Его даже царь (хвала матушке Екатерине и гуманитарному прогрессу!) не может выпороть — а вот он может пороть своих рабов или, наоборот, дарить им подарки. «Волен своих холопов миловать, и казнить волен же!» — формула Ивана Грозного, спущенная на уровень помещика начала XIX века.
Раскрепощение души стоит недорого — в прямом смысле слова. Материальные затраты невелики. Несколько проповедей хорошего священника или несколько дней над умными книгами, и готово: ты — внутренне свободный человек.
Наверное, это поможет тебе переносить рабское состояние своего тела.
Но рано или поздно приходит понимание, что тело не есть сосуд (греха или добродетели) или просто кусок мяса с костями, кишками и разными физиологическими потребностями. Приходит понимание того, что легкую и прозрачную душу невозможно отскоблить от тяжкой и плотной телесной оболочки, что душа и тело лишь условное и отчасти сомнительное разделение человека на составные части, а на самом деле, в нашем личном опыте человек един в своих телесных и душевных (ментальных, духовых, каких хотите) проявлениях.
А еще приходит понимание того, что эта сцепка «свобода души и рабство тела», коли уж на то пошло, должна касаться всех граждан. А то получается, что одни внутренне свободные граждане не имеют права свободной смены места жительства, не говоря уже о выезде за границу, — а другие такие же обладатели бессмертной и свободной души переносят свои бренные тела то на зарубежный курорт, то на международный фестиваль.
Чем дальше по пути общественного развития, тем сильнее суверенитет человека над его личным телом, тем проще человеку распоряжаться собой именно в телесном аспекте.
Не надо крайностей. Всегда существует «общественный договор»: человек отдает обществу, а то и государству часть своей свободы, в том числе и частичное (оговоренное в законе) право распоряжаться его телом. В самых что ни на есть демократических странах есть уголовная репрессия; есть призыв в армию, а если армия контрактная, то в ней есть армейская дисциплина; есть, наконец, этикет и корпоративный дресс-код и прочие мелочи, ограничивающие свободу телесных проявлений.

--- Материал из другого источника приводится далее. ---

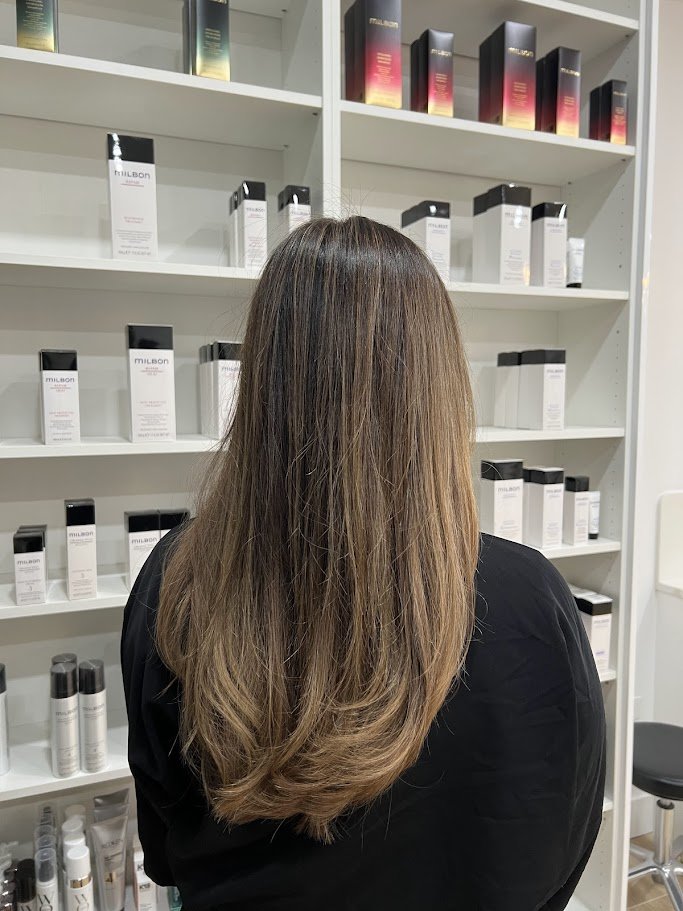A woman with long, straight, light brown hair standing in front of shelves stocked with hair care products.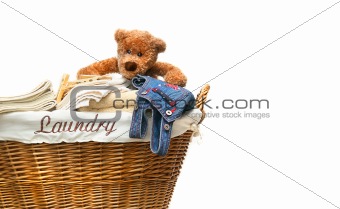 Laundry basket full of towels with teddy bear on white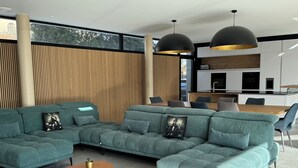A modern living room with a sectional sofa, a wooden coffee table, and pendant lighting. - Luxury villa heated pool jacuzzi sauna (Pérols)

Однако в том, что существует вне жестких рамок армейской службы и уголовного правоприменения, тело становится все более и более свободным. Но это длинный и трудный путь. Власть закона не так сильна и тотальна, как власть обычая.
Российский закон декриминализовал мужскую гомосексуальность, а о женской вообще всегда молчал. Но по обычаю геи и лесбиянки подвергаются моральному террору.
По закону мужчины и женщины равноправны, а по обычаю — «ну, она же баба!» По закону насильнику полагается самая суровая кара, а по обычаю — «эта стерва его подставила» или, пуще того, «спровоцировала»; в общем, «сама виновата».
Бесчисленные случаи сексуального принуждения, использования, шантажа, некоего полунасилия — это все тот же вопрос собственности на тело. Точнее говоря, молчаливое непризнание (хорошо — неполное признание) за женщиной суверенного права на собственное тело. А вместе с тем такое же молчаливое признание или полупризнание права мужчины на тело женщины, которая оказалась рядом, да еще в короткой юбке и облегающем свитере.
Недавно прошедший в фейсбуке флешмоб под тегом «Я не боюсь сказать», где женщины говорили о случаях сексуального насилия, показал, что нам еще далеко до всеобщего признания «права собственности человека на его тело». Но этот путь нам все равно предстоит пройти.
Путь долгий, трудный и пугающий для многих — ибо на его виражах такие жупелы, как права ЛГБТ и однополые браки. Страшно, аж жуть. Но придется.
Потому что альтернатива этому — возвращение в крепостничество на новом этапе. То есть выездные визы, сильно увеличенный срок службы в армии, ограничение переездов из города в город… А там и бессмертную душу прижмут запретом читать неправильные книжки.